2017年のシステム/サービス管理ソフトウェア市場は前年比成長率2.8%で2,707億円
2017年の国内システム/サービス管理ソフトウェア市場は、前年比成長率が2.8%で2,706億7,600万円となった。企業は、基幹業務システムなどのような従来のITシステムの管理に対する投資は維持しつつ、クラウド環境上に新たに構築したITシステムの管理に向けて新たにシステム/サービス管理ソフトウェアを導入している。
クラウド環境上では、特にITリソースやアプリケーションの状況を監視するソフトウェアや、ITサービスのプロビジョニングやワークロード管理を自動化するソフトウェアの導入が拡大している。2017年のベンダー別売上額シェアでは、日立製作所がシェア1位となった。2位にNEC、3位に富士通、4位にIBM、5位に野村総合研究所が続いている。
国内システム/サービス管理ソフトウェア市場の2017年~2022年の年間平均成長率(CAGR:Compound Annual Growth Rate)は4.0%、2022年には3,292億円に達するとIDCでは予測している(参考資料1)。今後、クラウド環境上のITシステムに対する運用管理の需要がさらに拡大し、それによってシステム/サービス管理ソフトウェアの導入が促進されるとIDCではみている。
クラウド環境では、アプリケーションとITサービスの最適化や管理、それに関連する管理プロセスの自動化を実現するソフトウェアの活用が拡大していく。また、もう1つの市場の促進要因として、システムログやパフォーマンスデータなど運用に関連する大量の情報を分析して運用を最適化するITオペレーション分析に対するニーズが増加するとIDCではみている。
ITオペレーション分析ソフトウェアを提供するベンダーのスプランク(Splunk)は、近年著しい成長を遂げている。今は多くのベンダーがITオペレーション分析をソフトウェアあるいはSaaSで提供しており、今後それらを活用する企業が拡大していくとIDCでは考えている。
SaaS採用が拡大し、国内システム/サービス管理SaaS市場は2022年で322億円に
国内では、システム/サービス管理SaaS市場が急成長している(参考資料2)。2017年では前年比成長率が50.5%、売上額が72億300万円となった。インシデント管理や問題管理を行うITサービス管理領域でSaaSの採用が進んでいる。
2017年のSaaS市場でシェア1位となったサービスナウ(ServiceNow)は、ITサービス管理領域を中心に大手企業への導入を拡大し、SaaS市場を牽引している。
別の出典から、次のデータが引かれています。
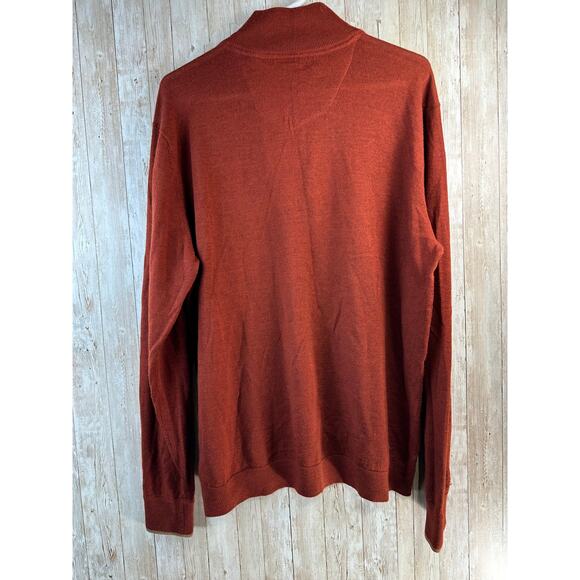 Robert‎ Graham Wool Sweater Mens XL Rust Orange Ribbed Trim Quarter Zip pullover - Picture 2 of 7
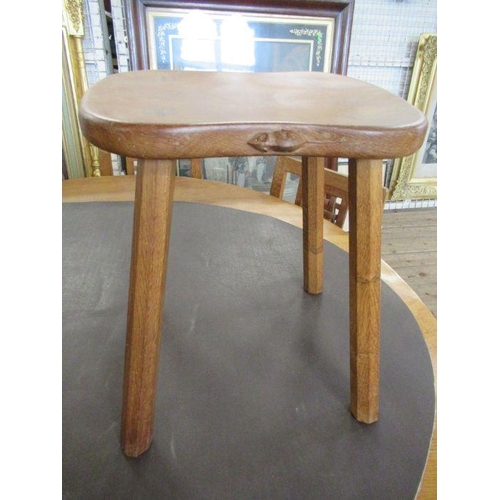 15 - A Robert 'Mouseman' Thompson of Kilburn four legged oak stool, width 14.5ins, height 18ins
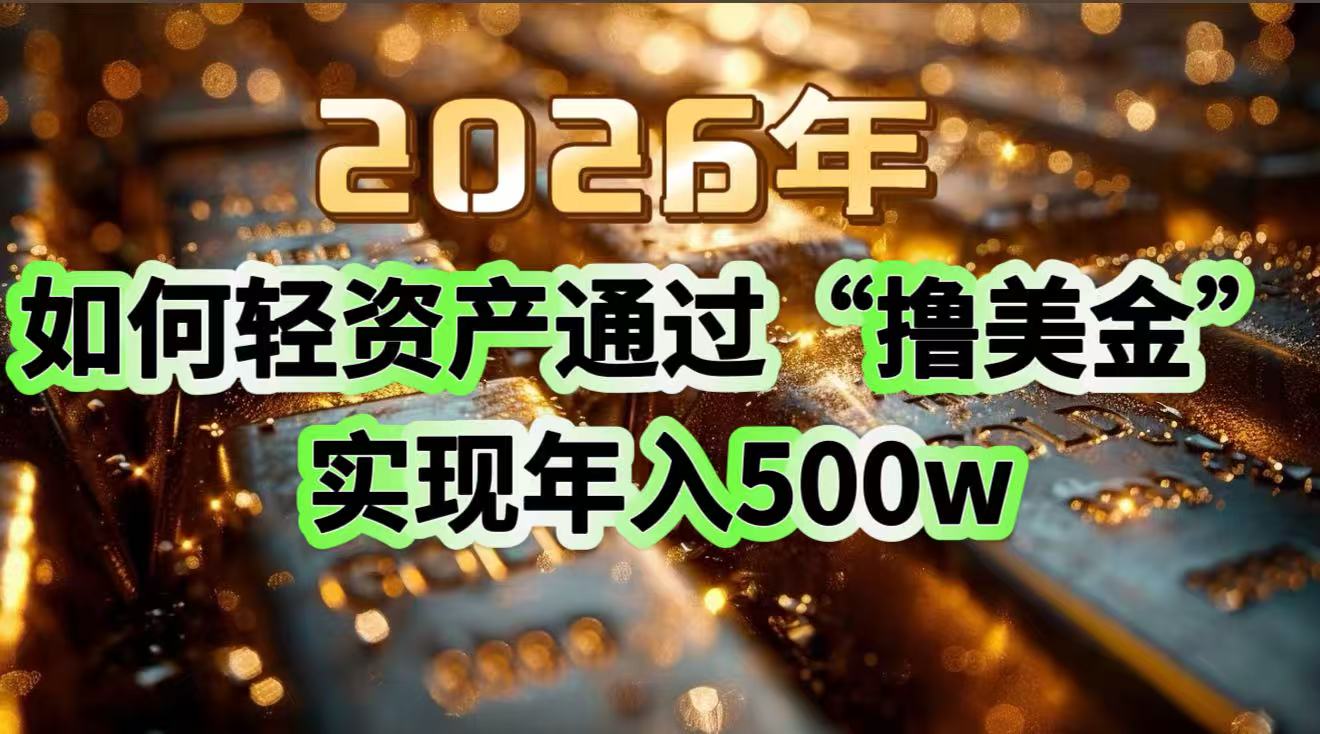 2026年如何轻资产通过“撸美金”实现年入500w| 网创圈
2017年~2022年のCAGRは34.9%、2022年には322億円に達するとIDCでは予測している。
今後はアプリケーションパフォーマンス管理やITオペレーション分析、ITサービス運用の自動化においてもSaaSの採用が拡大するとIDCでは考えている。
IDC Japan ソフトウェア&セキュリティ リサーチマネージャーである入谷光浩氏は、「既に欧米のシステム/サービス管理市場ではSaaSが主流になりつつある。国内ではようやく認知され始めてきた段階であるが、初期コストの低さや保守が必要のないところ、最新の管理機能が使えるところなどSaaSのメリットに気づいた国内企業の導入がこれから急速に増えてくであろう」と述べている。
今回の発表は、IDCが発行したレポート「国内システム/サービス管理ソフトウェア市場シェア、2017年:拡大するSaaS市場」と「国内システム/サービス管理ソフトウェア市場予測、2018年~2022年」にその詳細が報告されている。